Look through the listing below for the line containing "Лили Рейнхарт секси, Камила". Copy it and each line after it up to and including the line containing "806 Halsbrook Rd, Greensboro, NC", exactly, leaving out pictures.

__Data in this exercise__.
Content starts
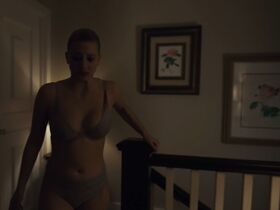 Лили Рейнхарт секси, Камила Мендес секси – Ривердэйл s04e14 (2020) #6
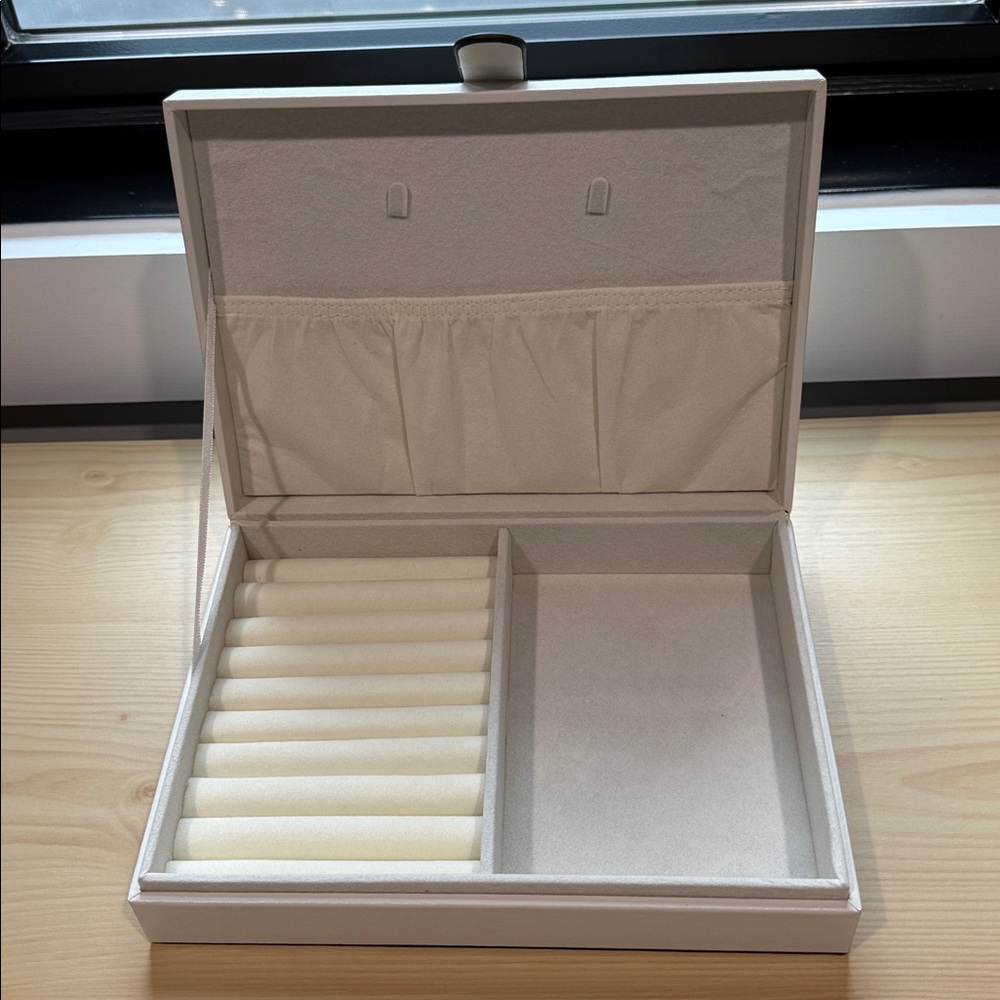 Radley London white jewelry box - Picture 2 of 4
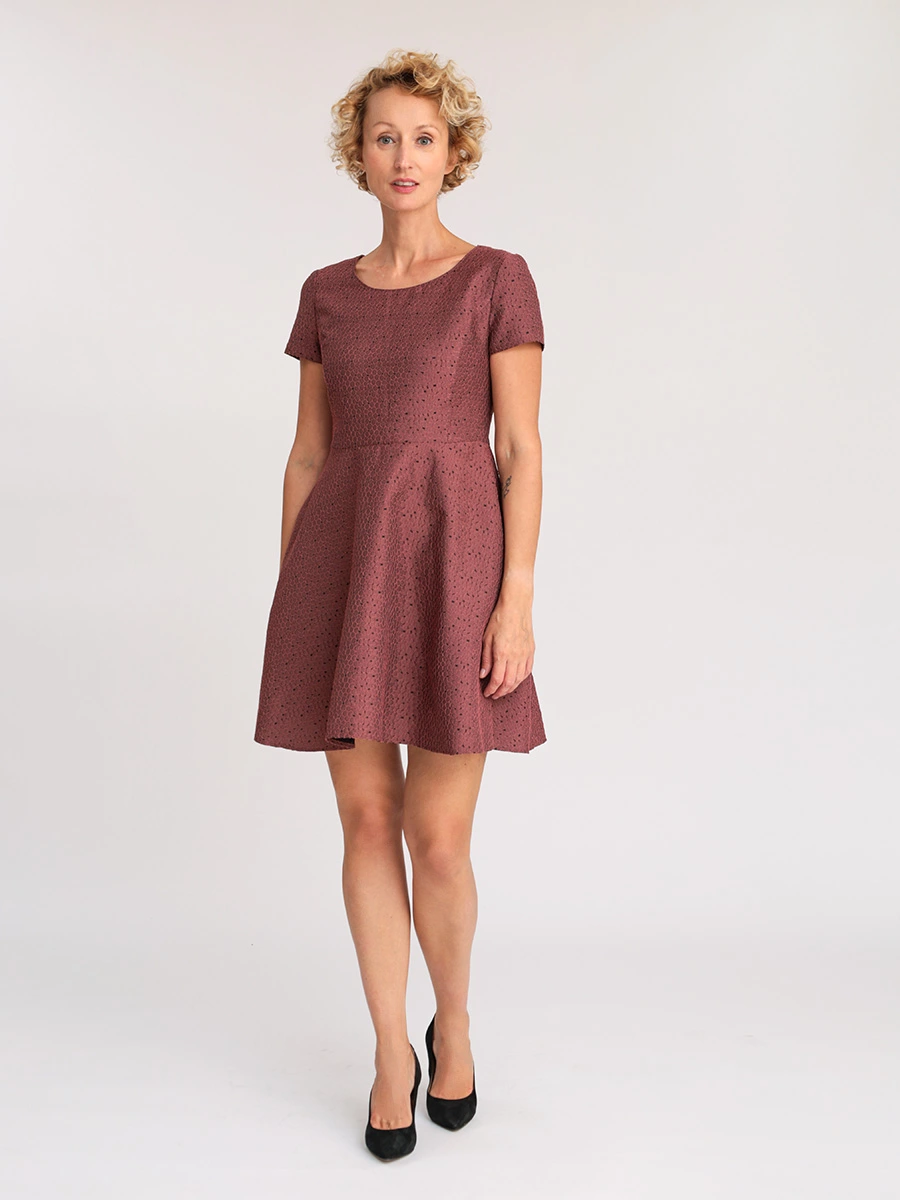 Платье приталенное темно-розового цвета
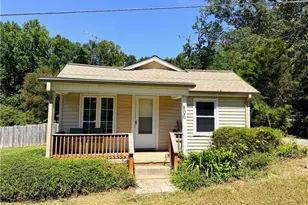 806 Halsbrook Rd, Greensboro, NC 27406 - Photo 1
Content ends
Content starts
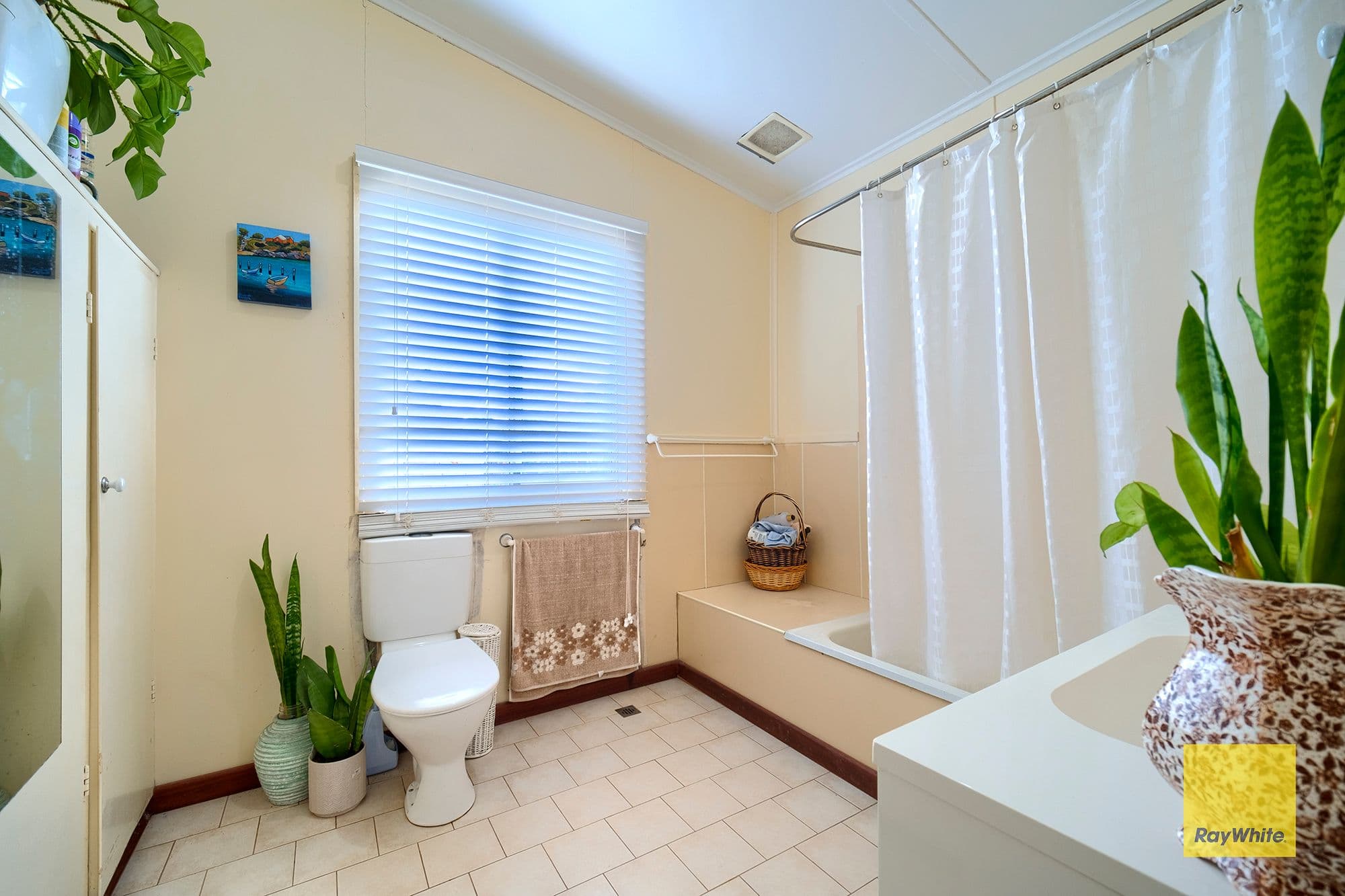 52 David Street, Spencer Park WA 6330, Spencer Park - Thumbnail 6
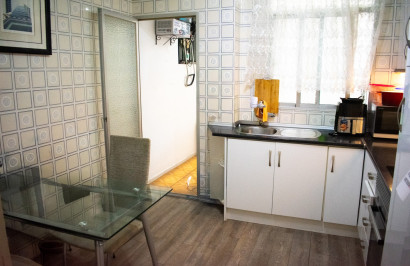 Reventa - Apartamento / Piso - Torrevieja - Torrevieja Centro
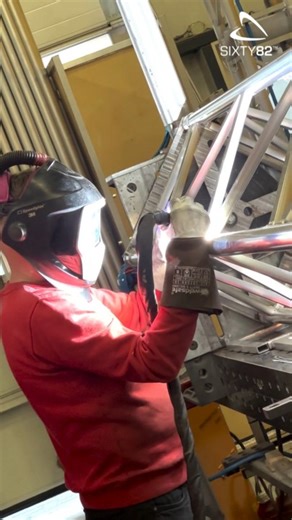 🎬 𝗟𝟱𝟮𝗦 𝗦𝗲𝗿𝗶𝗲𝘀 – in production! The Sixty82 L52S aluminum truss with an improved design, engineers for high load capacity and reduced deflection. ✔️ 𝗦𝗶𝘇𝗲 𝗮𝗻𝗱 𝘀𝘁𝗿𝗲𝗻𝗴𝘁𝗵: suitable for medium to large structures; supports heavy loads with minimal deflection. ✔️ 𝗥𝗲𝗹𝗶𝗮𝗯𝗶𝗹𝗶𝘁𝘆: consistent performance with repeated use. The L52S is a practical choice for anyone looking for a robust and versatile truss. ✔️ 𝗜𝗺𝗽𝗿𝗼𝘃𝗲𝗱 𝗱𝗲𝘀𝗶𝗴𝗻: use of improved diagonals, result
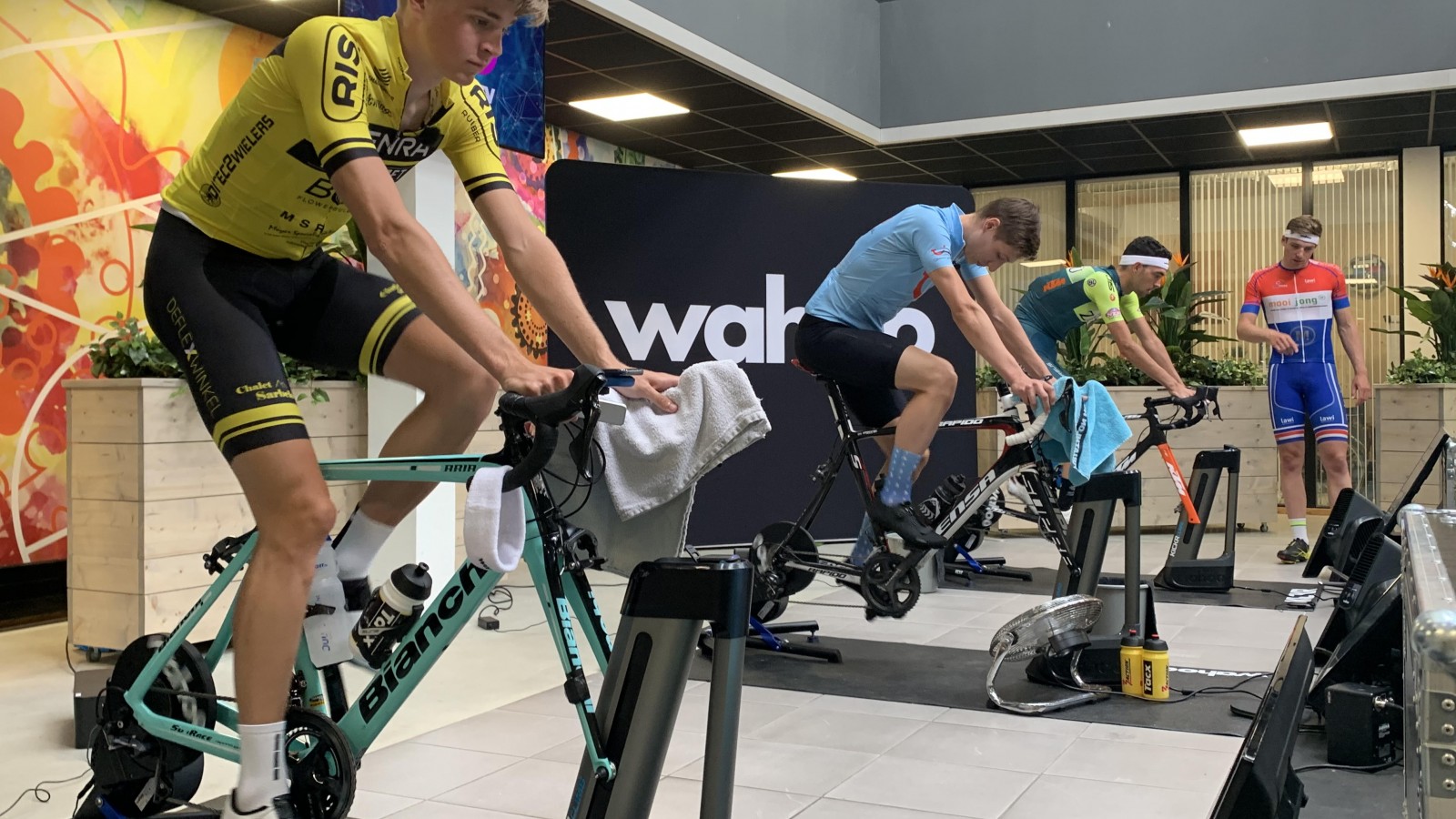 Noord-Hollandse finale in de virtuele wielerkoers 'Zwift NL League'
Content ends
__Exercise result__.
 Лили Рейнхарт секси, Камила Мендес секси – Ривердэйл s04e14 (2020) #6
 Radley London white jewelry box - Picture 2 of 4
 Платье приталенное темно-розового цвета
 806 Halsbrook Rd, Greensboro, NC 27406 - Photo 1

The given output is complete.